A new breed of undercover Christian missionary is turning to Muslim north Africa in the search for new converts, alarming Islamic leaders who say they prey on the weak and threaten public order. Missionary groups say the number of Moroccan Christians...

A new breed of undercover Christian missionary is turning to Muslim north Africa in the search for new converts, alarming Islamic leaders who say they prey on the weak and threaten public order.

Missionary groups say the number of Moroccan Christians has grown to 1,500 from 100 in a decade and that Algerian Christians number several thousand, although no official figures exist.

They say their message is reaching thousands more, partly thanks to satellite TV and the internet.

The Koran states no one can be forced to follow one religion, but many Muslims believe that to abandon Islam is to shun family, tribe and nation and bring shame upon relatives.

"Many Muslims told me 'If I find you I will kill you'," said Amin, a young man from northern Morocco who did not want to give his full name for fear of reprisals.

Amin said he became aware of Jesus Christ after dreaming that a figure dressed in a white robe approached him in a forest and handed him a Bible.

"When I told my father I had become a Christian he just stared at me without speaking. Then he said: "From now on, you are not my son. Go to those people, let them feed you and give you a home - we'll see who cares for you'," said Amin.

He left town, stopped his studies and now lives from translation work offered by a Christian missionary group.

Mission groups in North Africa range from broad alliances such as Partners International and Cooperative Baptist Fellowship to small Baptist and Pentecostal churches based in the Americas and Europe, according to their websites.

Their activity is growing as churches turn their focus to places where the Christian message is rarely heard, said Dana Robert, world Christianity professor at Boston University.

"With the internet and the increase in travel, you have a democratisation of missions where anyone who feels like it can go anywhere they want," said Prof. Robert. "The new breed of missionary doesn't have the same historical training as the older established denominations, nor necessarily the cultural training, so there's a bull-in-a-china-shop effect."

Converts recount stories of persecution as evidence of the risks they run. These are impossible to verify, but one said he heard a newly converted Moroccan was thrown from a balcony in a shopping mall by two acquaintances, leaving him paralysed.

Another said people of a town in eastern Morocco threatened to decapitate a convert unless he renounced his faith.

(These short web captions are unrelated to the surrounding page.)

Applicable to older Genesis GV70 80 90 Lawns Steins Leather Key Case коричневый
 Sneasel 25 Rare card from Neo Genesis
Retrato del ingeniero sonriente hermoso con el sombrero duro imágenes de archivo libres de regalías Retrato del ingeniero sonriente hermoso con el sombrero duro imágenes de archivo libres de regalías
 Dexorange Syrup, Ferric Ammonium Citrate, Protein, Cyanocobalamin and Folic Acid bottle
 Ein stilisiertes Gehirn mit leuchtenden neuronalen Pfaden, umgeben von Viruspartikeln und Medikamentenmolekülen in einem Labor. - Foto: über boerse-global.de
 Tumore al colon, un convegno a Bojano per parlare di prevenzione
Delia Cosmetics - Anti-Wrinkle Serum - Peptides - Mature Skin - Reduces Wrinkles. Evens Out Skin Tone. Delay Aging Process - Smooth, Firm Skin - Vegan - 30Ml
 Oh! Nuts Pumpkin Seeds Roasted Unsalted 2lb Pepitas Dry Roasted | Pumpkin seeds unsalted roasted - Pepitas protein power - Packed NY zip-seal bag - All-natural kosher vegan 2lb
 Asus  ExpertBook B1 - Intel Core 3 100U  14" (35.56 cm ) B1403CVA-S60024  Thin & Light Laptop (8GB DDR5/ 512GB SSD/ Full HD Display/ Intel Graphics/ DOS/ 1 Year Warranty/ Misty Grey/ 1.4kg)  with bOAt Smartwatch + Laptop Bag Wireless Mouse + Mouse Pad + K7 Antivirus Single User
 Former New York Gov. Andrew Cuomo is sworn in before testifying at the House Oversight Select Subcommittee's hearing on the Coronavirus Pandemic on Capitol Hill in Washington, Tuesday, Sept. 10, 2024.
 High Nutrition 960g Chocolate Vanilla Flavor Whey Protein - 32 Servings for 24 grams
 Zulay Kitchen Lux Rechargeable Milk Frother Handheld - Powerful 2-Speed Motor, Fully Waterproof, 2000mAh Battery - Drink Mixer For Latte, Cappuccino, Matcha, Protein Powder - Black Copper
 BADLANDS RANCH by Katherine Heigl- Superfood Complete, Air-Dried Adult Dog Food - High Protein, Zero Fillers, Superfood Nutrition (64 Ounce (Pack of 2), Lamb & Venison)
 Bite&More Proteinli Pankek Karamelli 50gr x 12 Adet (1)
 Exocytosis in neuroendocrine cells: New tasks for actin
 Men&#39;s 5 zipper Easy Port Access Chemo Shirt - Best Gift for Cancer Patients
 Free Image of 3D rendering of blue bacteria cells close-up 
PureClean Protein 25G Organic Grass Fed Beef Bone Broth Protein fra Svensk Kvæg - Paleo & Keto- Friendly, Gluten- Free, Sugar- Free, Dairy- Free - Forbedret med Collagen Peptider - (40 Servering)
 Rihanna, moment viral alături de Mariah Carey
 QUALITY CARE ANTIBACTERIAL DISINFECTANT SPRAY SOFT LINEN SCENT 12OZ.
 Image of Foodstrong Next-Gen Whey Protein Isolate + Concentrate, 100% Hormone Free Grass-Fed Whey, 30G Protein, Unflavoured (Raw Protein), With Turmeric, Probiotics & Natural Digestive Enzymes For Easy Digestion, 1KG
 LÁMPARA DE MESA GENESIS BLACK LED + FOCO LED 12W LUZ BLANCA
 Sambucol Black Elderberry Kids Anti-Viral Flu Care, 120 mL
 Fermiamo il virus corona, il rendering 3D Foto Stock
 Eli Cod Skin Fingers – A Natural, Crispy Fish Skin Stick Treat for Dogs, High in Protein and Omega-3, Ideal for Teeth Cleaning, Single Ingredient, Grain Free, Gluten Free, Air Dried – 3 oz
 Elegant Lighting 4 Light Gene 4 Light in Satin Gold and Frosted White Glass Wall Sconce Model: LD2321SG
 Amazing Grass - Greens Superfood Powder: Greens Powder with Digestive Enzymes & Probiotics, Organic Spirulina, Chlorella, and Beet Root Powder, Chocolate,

Islamic leaders say missionaries exploit people with a weak understanding of their religion, target the poor and the sick and try to win over north Africa's Berbers by telling them Islam was imposed on them by Arabs.

"These are unethical methods," said Mohammed Yssef, general secretary of the Superior Council of Ulemas, Morocco's highest religious authority. "Islam is the religion of God. It is neither Arab nor Berber.

"When people respond positively (to missionaries), it is when they don't have their full freedom," said Mr Yssef. "Once they recover their normal health and situation, they recover their ability to decide."

The missionaries deny exploiting the weak. They say their clandestine status means they have to set up businesses or language schools at which converts are sometimes employed.

"Three years ago I began praying about parts of the world that had not taken up the Gospel," said Tyler, a member of an Ohio Baptist church who set up Project North Africa in Morocco. He said that his work could be disrupted if he gave his surname.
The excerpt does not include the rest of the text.